Ook kopten in het Westen doen daar volop aan mee, merkt de geboren en getogen Egyptenaar. „Ze maken de positie van christenen in Egypte erger, om te rechtvaardigen dat ze zelf weggetrokken zijn. Maar hun geschreeuw maakt onze zaak er niet beter op. Als de moslimbroederschap het kantoor van het Bijbelgenootschap zou willen sluiten, heb ik hier zo 1 miljoen kopten op de been – toegewijd als ze zijn aan de Bijbel. Daar heb ik het Westen niet voor nodig.
Sterker nog: als het daarvandaan moet komen, zeggen de moslimbroeders en salafisten: Zie je wel, je hoort hier niet. Ga maar. Maar we hebben een duizenden jaren oude kerk die hier, in Egypte, geworteld is. Daarom is mijn boodschap aan het Westen: je helpt ons meer als je de rechten voor christenen even vergeet. Als élke Egyptenaar mensenrechten krijgt, zijn ook christenen daarmee geholpen.”
Een Egyptische duisternis voor christenen lijkt niet direct aan de orde. Maar of het droombeeld van gelijke rechten voor iedereen door de politieke aardverschuiving in Egypte dichterbij is gekomen, valt eveneens te betwijfelen. Uitgever Sami Yacub houdt rekening met oplaaiende conflicten. „Er is door het afzetten van een staatshoofd nog nooit democratie ontstaan. In het Midden-Oosten is de geest uit de fles. Die valt niet meer terug te stoppen. Het gevolg zal verdrukking zijn.
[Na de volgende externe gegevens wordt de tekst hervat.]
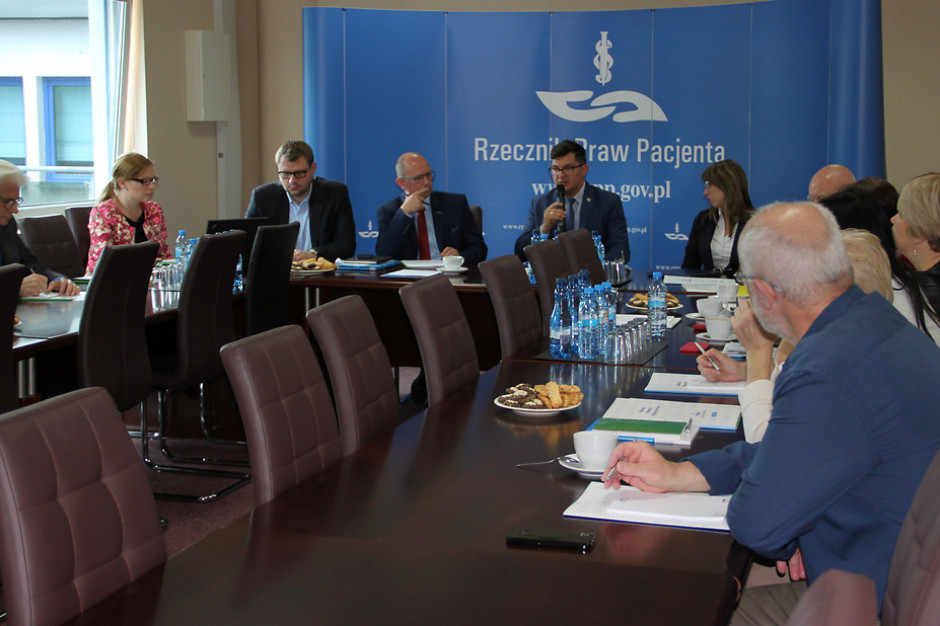 - Życie jest wartością najwyższą i decyzje, które go dotyczą, choć czasami trudne, powinny być podejmowane z rozwagą, delikatnością i poczuciem największej odpowiedzialności - powiedział Grzegorz Błażewicz, zastępca RPP otwierając inauguracyjne spotkanie Zespołu. Fot. Biuro RPP Terapie medyczne w okresie kończącego się życia - 1. posiedzenie Zespołu przy RPP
Van de kerk, maar misschien nog wel meer van al die gematigde moslims.”
In Egypte als islamitische staat zal tegenspraak niet langer geduld worden, vreest ook Atallah. „Mubarak kon je tegenspreken als seculiere president. Maar protesten tegen een islamitische heerser zullen gezien worden als protesten tegen Allah zelf.”
>>rd.nl/halvemaan voor een digitaal magazine met onder meer video’s en kaarten.
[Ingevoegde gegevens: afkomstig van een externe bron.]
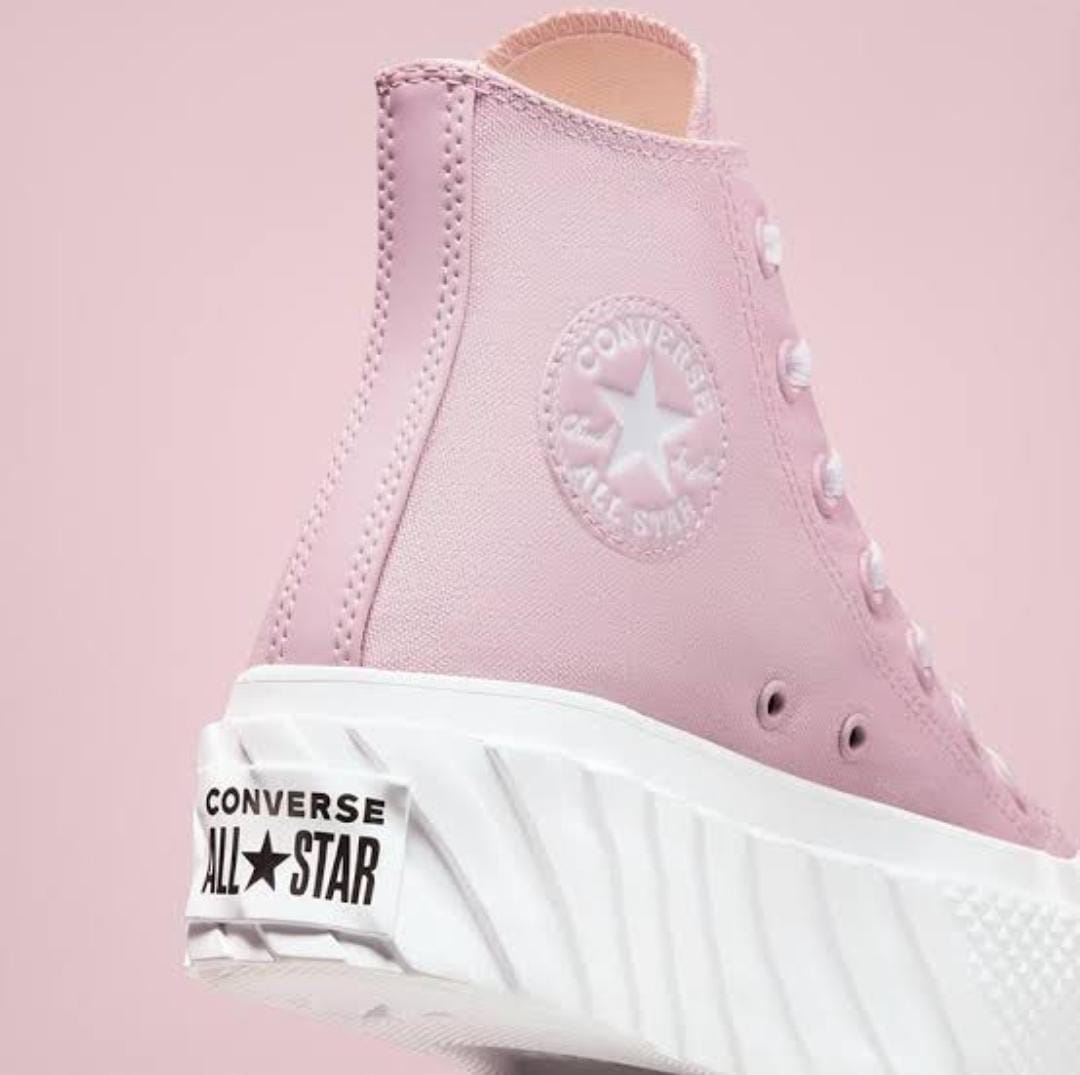 Converse Chuck Taylor First Copy Shoe Available*for👩🏻💼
En dit maak je ook mee – de achterkant van de journalistiek
Half december, een vrijdagmiddag. Het islamitische middaggebed is juist afgelopen als we arriveren in Caïro. Via Twitter blijkt dat sindsdien rellen zijn uitgebroken rond het Tahrirplein in het centrum van de stad, nadat het er de achterliggende weken juist relatief rustig was.
Als we poolshoogte nemen, blijken straten richting Tahrir afgesloten te zijn. We staan juist op het plein –op een veilige plek– als een menigte paniekerig onze kant op komt. Een groep jonge mannen draagt een man mee. Zo snel ze kunnen, brengen ze hem naar een ambulance. Te laat. Hij is dood, zo wordt ons van verschillende kanten bevestigd.
Dit is bizar. Voor mijn ogen valt de eerste dode in weken tijd op Tahrir. Is dit nu een grote tragedie of is het een journalistiek buitenkansje? Of is het al beroepsdeformatie als zo’n gedachte überhaupt in je opkomt?
In dat geval hebben de betogers ook last van deformatie: er wordt met stenen gegooid naar militairen, ambulances rijden gillend af en aan, maar op dezelfde plek lopen verkopers rond met lekkere hapjes.
Dus zo werkt een betoging op Tahrir. Er is een doelwit –in dit geval het leger, dat de macht niet uit handen wil geven sinds de val van Mubarak–, er is een plein en er zijn betogers die niet altijd even duidelijk voor ogen hebben wat ze willen, maar soms wel bereid zijn hun leven op te offeren.
En dat laatste gebeurt. Er vallen meer doden. Zowel demonstranten als militairen blijven provoceren. Van weerszijden vliegen stenen en molotovcocktails door de lucht. In een zijstraat is een noodhospitaal opgericht, midden op straat. Dat biedt een dramatische aanblik. Mensen kreunen, anderen liggen roerloos. Jongeren dragen geregeld een nieuw slachtoffer aan, dat soms hevig bloedt uit hoofdwonden.
De volgende ochtend blijkt het resultaat: zeker vier doden en enkele honderden gewonden. Maar dan is een nieuwe dag vol geweld al aangebroken.
En de journalist? Hij staat erbij en kijkt ernaar. En schrijft erover, terwijl hij zijn ervaringen probeert in te passen in zijn wereldbeeld.